Um tema relevante foi colocado nos comícios por Yaku Perez que se opõe a atividades mineradoras impróprias e mantém uma disputa feroz nos arredores da cidade de Río Blanco que até aqui inviabilizou a exploração de uma grande mina de ouro e prata pela companhia mineradora chinesa Junefield’s Ecuagold Mining, que já provocou até um embate entre duas comunidades indígenas, pró e contra o projeto e um incêndio criminoso até hoje sem identificação dos culpados, mas que os chineses responsabilizam a Conaie. No fundo, a questão mineira, em torno de um ativo que para o Equador é quase tão importante quanto suas vastas reservas perolíferas, insere-se na disputa EUA x China pelo precioso solo equatoriano.

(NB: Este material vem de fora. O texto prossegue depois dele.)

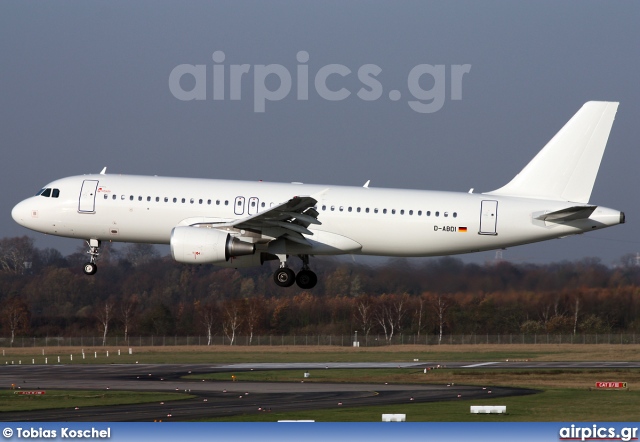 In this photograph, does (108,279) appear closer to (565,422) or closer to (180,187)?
(180,187)

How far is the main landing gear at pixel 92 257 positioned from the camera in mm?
49250

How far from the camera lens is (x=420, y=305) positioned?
69.8m

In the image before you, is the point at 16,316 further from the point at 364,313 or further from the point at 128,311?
the point at 364,313

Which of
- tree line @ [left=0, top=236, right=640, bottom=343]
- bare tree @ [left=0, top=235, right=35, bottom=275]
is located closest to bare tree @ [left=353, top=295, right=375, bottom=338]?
tree line @ [left=0, top=236, right=640, bottom=343]

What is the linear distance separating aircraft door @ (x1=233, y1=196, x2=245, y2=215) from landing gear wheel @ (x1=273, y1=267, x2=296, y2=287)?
124 inches

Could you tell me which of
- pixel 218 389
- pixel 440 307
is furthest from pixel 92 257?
pixel 440 307

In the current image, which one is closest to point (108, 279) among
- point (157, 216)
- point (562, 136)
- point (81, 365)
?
point (81, 365)

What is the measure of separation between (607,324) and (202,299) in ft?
108

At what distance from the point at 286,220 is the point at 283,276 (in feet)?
9.86

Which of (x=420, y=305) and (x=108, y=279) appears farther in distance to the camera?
(x=108, y=279)

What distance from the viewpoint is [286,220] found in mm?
46125

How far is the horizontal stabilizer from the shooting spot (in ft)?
149

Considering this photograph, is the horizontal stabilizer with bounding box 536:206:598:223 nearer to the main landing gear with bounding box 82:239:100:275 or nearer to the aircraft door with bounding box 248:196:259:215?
the aircraft door with bounding box 248:196:259:215

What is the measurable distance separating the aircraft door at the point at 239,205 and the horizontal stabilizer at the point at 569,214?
12856 millimetres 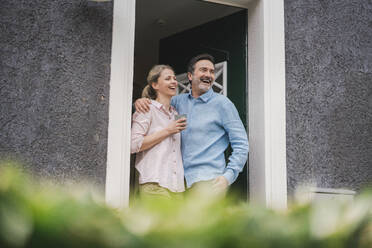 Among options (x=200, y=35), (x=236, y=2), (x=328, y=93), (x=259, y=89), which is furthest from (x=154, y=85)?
(x=328, y=93)

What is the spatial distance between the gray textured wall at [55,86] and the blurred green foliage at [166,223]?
114 inches

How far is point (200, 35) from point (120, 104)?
204cm

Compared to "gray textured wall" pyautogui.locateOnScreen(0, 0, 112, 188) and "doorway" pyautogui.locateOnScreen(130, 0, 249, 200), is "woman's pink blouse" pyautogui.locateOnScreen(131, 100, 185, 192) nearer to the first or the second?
"gray textured wall" pyautogui.locateOnScreen(0, 0, 112, 188)

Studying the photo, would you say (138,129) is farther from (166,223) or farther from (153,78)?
(166,223)

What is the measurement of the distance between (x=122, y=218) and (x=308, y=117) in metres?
3.99

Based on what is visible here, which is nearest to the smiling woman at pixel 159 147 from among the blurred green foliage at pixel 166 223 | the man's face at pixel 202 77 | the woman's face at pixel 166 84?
the woman's face at pixel 166 84

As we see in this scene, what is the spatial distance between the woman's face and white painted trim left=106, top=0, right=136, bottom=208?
0.45 m

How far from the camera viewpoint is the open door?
14.1 feet

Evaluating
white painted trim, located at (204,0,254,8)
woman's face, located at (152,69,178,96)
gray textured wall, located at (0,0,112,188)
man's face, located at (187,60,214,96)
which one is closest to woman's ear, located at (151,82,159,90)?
woman's face, located at (152,69,178,96)

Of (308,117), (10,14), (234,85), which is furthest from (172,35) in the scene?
(10,14)

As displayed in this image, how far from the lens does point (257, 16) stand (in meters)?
4.18

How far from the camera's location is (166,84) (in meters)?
3.83

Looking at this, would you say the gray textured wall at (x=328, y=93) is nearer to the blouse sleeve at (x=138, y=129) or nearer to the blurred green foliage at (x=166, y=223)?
the blouse sleeve at (x=138, y=129)

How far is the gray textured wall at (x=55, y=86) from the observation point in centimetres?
302
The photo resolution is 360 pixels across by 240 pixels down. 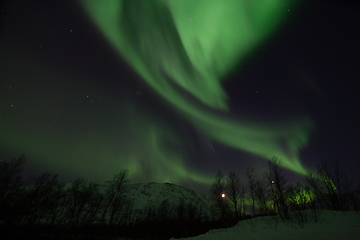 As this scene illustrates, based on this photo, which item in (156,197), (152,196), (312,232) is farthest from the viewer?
(152,196)

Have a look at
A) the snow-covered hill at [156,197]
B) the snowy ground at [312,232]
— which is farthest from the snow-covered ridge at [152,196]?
the snowy ground at [312,232]

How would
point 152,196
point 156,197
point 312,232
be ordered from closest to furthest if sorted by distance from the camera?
point 312,232 → point 156,197 → point 152,196

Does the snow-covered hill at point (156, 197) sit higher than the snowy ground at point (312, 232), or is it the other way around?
the snow-covered hill at point (156, 197)

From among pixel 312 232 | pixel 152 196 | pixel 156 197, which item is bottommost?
pixel 312 232

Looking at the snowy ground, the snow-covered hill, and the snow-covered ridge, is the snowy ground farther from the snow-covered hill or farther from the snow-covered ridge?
the snow-covered ridge

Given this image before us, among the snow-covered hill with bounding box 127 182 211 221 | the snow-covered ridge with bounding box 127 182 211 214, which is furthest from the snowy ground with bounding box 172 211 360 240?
the snow-covered ridge with bounding box 127 182 211 214

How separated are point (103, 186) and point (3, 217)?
379 feet

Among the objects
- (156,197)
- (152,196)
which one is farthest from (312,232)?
(152,196)

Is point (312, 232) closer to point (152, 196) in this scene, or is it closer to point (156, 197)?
point (156, 197)

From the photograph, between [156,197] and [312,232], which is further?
[156,197]

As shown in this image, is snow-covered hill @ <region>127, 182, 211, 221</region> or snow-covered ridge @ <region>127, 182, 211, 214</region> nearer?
snow-covered hill @ <region>127, 182, 211, 221</region>

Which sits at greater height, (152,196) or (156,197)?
(152,196)

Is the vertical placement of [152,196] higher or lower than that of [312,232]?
higher

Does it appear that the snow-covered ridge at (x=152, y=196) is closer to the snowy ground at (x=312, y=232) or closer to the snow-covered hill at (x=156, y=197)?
the snow-covered hill at (x=156, y=197) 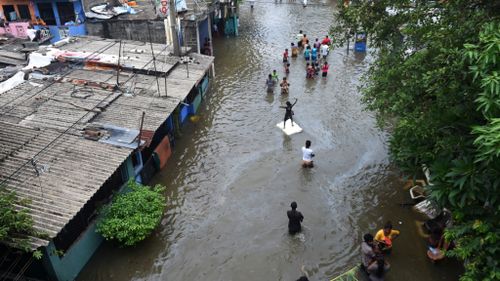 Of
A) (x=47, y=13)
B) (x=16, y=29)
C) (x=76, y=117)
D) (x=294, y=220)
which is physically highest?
(x=47, y=13)

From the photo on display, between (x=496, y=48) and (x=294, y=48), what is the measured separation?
2405cm

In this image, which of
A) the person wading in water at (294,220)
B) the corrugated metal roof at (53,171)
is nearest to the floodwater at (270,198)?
the person wading in water at (294,220)

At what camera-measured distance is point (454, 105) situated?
7.90 metres

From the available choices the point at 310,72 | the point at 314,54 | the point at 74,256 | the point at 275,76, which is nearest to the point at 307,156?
the point at 74,256

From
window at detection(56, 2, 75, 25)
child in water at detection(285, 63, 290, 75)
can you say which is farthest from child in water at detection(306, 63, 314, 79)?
window at detection(56, 2, 75, 25)

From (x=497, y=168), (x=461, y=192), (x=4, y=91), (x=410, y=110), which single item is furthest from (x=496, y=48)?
(x=4, y=91)

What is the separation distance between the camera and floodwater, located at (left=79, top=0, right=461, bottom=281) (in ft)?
38.4

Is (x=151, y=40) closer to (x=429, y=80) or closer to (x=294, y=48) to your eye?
(x=294, y=48)

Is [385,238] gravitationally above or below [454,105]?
below

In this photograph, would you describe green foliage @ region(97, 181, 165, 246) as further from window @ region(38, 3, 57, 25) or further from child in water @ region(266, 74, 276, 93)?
window @ region(38, 3, 57, 25)

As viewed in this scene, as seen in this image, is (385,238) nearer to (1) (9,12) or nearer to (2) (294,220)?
(2) (294,220)

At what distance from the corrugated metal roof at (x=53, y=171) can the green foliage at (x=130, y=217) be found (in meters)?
1.11

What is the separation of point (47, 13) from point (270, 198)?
2323cm

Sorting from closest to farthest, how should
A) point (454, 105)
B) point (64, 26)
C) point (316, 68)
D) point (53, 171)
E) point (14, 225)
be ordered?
point (454, 105), point (14, 225), point (53, 171), point (316, 68), point (64, 26) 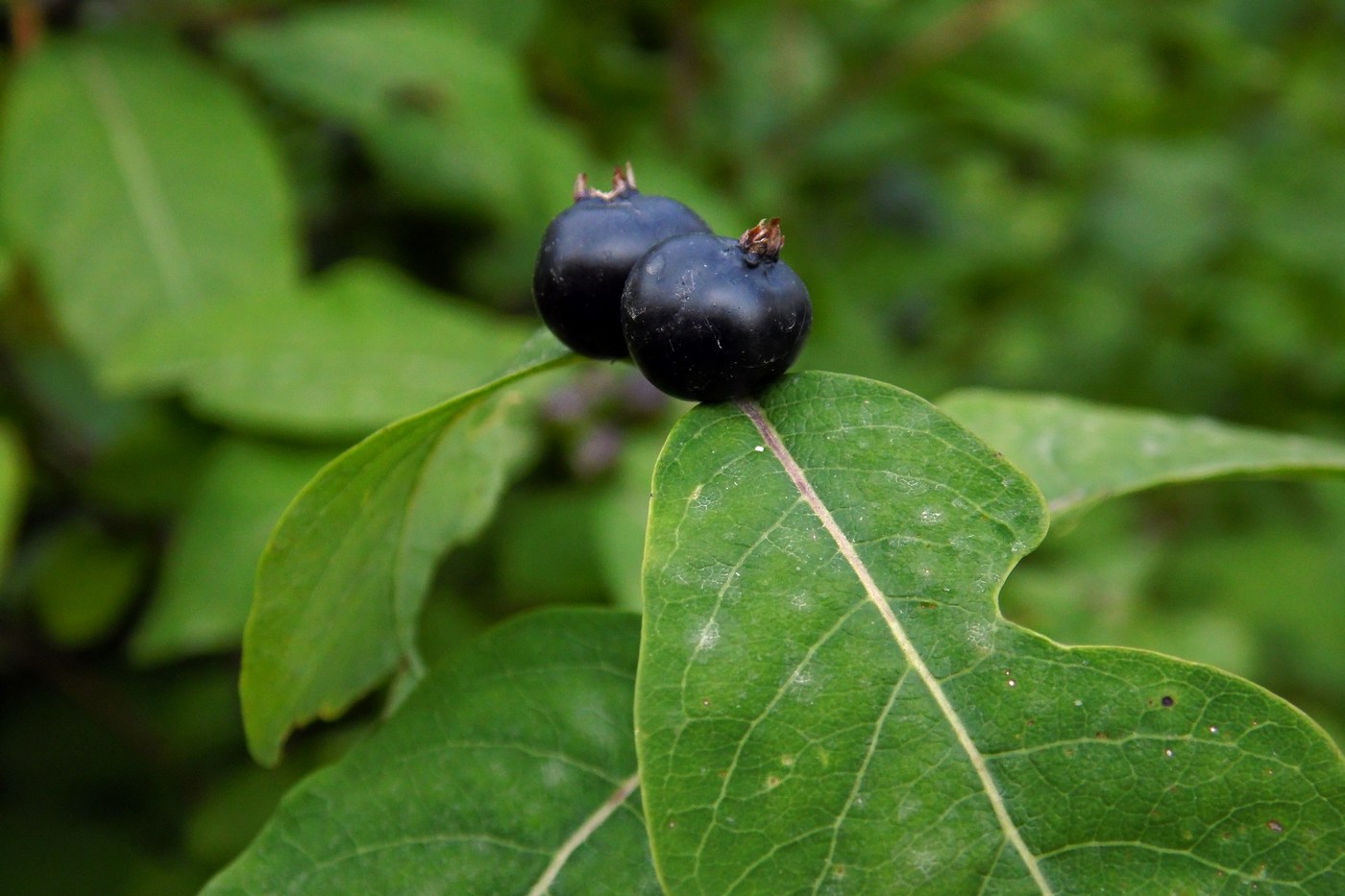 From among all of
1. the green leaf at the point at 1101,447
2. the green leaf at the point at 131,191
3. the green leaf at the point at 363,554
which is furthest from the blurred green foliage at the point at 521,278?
the green leaf at the point at 1101,447

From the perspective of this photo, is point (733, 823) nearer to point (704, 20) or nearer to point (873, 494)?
point (873, 494)

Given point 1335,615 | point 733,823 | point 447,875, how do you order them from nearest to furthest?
point 733,823 < point 447,875 < point 1335,615

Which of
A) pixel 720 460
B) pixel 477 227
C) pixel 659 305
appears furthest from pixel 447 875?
pixel 477 227

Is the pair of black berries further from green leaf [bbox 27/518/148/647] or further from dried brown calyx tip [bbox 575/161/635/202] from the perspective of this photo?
green leaf [bbox 27/518/148/647]

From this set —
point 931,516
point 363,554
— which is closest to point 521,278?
point 363,554

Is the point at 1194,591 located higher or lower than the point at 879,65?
lower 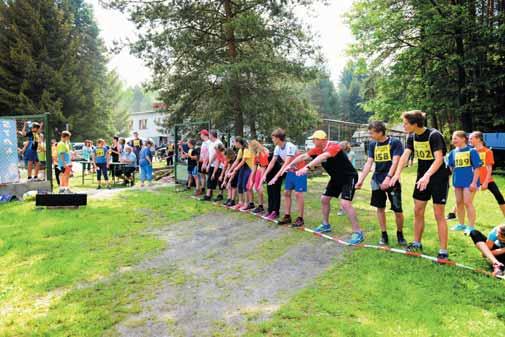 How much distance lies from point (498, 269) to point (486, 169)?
9.70ft

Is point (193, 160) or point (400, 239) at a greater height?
point (193, 160)

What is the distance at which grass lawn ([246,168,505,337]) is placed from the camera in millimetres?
3373

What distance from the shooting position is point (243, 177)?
902 cm

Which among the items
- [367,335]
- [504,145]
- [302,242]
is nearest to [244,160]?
[302,242]

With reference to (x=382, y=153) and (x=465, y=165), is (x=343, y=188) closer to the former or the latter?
(x=382, y=153)

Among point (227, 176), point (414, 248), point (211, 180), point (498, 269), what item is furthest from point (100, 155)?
point (498, 269)

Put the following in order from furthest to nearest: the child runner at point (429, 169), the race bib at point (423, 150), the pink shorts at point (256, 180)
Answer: the pink shorts at point (256, 180) < the race bib at point (423, 150) < the child runner at point (429, 169)

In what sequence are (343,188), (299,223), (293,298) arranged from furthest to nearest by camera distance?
(299,223) → (343,188) → (293,298)

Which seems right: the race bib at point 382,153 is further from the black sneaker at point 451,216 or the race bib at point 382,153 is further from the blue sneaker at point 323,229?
the black sneaker at point 451,216

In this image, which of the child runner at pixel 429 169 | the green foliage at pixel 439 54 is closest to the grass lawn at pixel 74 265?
the child runner at pixel 429 169

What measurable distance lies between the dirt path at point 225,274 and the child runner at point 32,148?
6787mm

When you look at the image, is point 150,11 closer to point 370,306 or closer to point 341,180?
point 341,180

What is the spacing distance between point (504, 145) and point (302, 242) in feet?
58.4

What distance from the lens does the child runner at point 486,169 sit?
6.77 meters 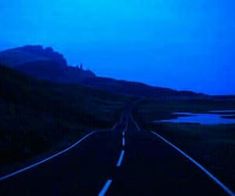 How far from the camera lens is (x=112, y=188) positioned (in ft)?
38.0

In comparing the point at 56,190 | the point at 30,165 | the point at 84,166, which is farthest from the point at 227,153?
the point at 56,190

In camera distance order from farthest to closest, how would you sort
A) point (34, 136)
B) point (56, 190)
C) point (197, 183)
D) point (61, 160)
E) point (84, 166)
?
point (34, 136)
point (61, 160)
point (84, 166)
point (197, 183)
point (56, 190)

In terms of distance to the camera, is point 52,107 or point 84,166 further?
point 52,107

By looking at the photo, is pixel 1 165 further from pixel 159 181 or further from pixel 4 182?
pixel 159 181

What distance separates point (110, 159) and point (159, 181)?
241 inches

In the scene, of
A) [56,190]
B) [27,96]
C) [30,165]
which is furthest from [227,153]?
[27,96]

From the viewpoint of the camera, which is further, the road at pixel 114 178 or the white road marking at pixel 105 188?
the road at pixel 114 178

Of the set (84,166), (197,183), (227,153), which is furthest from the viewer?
(227,153)

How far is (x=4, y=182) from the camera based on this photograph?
12.4 meters

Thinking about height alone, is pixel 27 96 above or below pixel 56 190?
above

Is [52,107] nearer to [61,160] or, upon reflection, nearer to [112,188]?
[61,160]

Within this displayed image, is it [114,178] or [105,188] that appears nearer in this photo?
[105,188]

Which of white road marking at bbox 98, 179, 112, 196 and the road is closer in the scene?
white road marking at bbox 98, 179, 112, 196

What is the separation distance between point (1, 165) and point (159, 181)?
6900mm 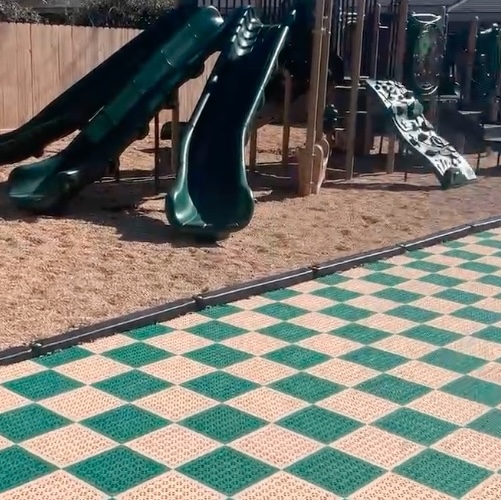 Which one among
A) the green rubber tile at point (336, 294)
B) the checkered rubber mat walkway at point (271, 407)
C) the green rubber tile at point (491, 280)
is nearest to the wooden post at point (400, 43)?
the green rubber tile at point (491, 280)

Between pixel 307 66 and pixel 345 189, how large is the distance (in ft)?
5.46

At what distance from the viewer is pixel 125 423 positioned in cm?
372

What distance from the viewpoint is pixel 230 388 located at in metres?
4.17

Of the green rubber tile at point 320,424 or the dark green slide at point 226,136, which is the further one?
the dark green slide at point 226,136

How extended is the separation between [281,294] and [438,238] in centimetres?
247

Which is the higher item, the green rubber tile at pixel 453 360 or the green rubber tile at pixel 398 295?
the green rubber tile at pixel 398 295

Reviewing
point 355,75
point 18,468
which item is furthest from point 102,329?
point 355,75

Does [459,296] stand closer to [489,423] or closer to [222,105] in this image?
[489,423]

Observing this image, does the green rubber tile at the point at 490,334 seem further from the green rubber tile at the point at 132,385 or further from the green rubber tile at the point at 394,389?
the green rubber tile at the point at 132,385

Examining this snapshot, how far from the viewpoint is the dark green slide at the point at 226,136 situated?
7352 mm

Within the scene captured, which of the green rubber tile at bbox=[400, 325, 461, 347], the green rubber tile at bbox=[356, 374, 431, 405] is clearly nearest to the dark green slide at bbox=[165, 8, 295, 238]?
the green rubber tile at bbox=[400, 325, 461, 347]

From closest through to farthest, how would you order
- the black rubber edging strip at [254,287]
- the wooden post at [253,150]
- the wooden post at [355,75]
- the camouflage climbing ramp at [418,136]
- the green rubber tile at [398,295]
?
the black rubber edging strip at [254,287] < the green rubber tile at [398,295] < the wooden post at [355,75] < the camouflage climbing ramp at [418,136] < the wooden post at [253,150]

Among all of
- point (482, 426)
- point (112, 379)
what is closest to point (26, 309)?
point (112, 379)

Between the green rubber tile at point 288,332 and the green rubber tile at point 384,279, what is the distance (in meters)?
1.33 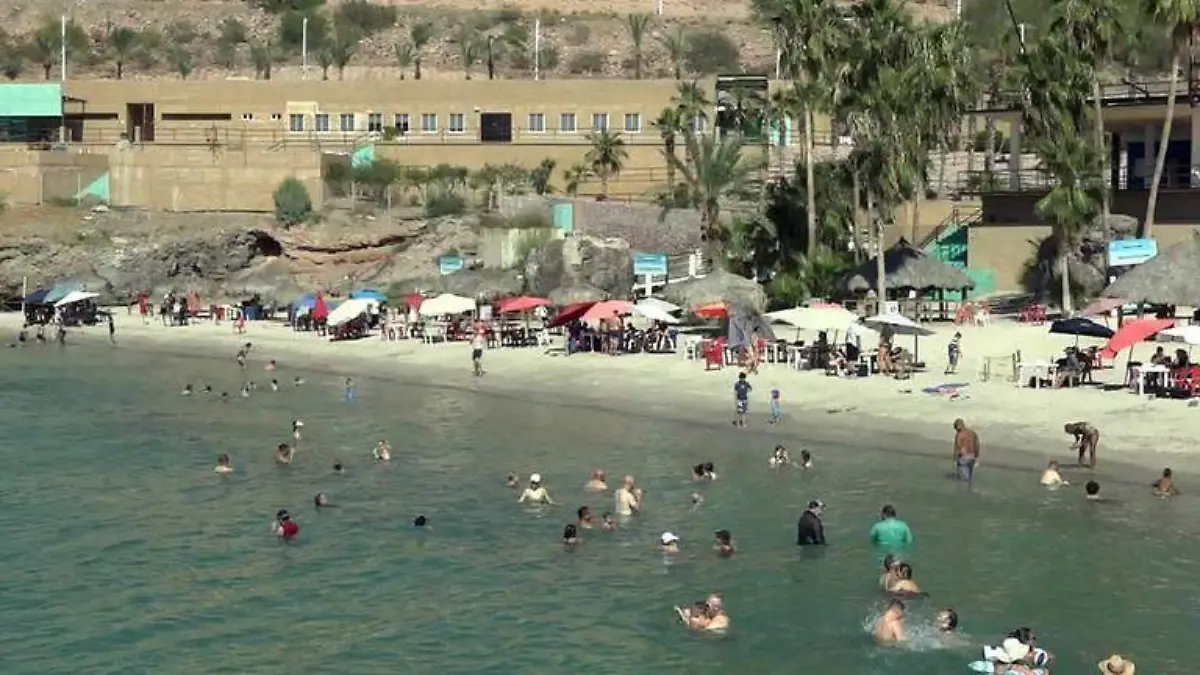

Lasso, com a fama de ter-se feito por si próprio, provém de uma família com 11 filhos e ele mesmo formou um casal que originou 5 descendentes. Já perdeu duas eleições, uma para Correa e outra para Lenin Moreno, em condições de desequilíbrio eleitoral similares às que agora enfrenta, mas sua aliança com o tradicional Partido Social Cristão dificulta a ligação com as comunidades indígenas e com parte da elite intelectual nacional. Contudo, um 2º turno é sempre uma nova eleição e a possibilidade de reverter a desvantagem inicial não pode ser descartada diante da forte rejeição de parte significativa dos eleitores à figura absolutista do capo Correa.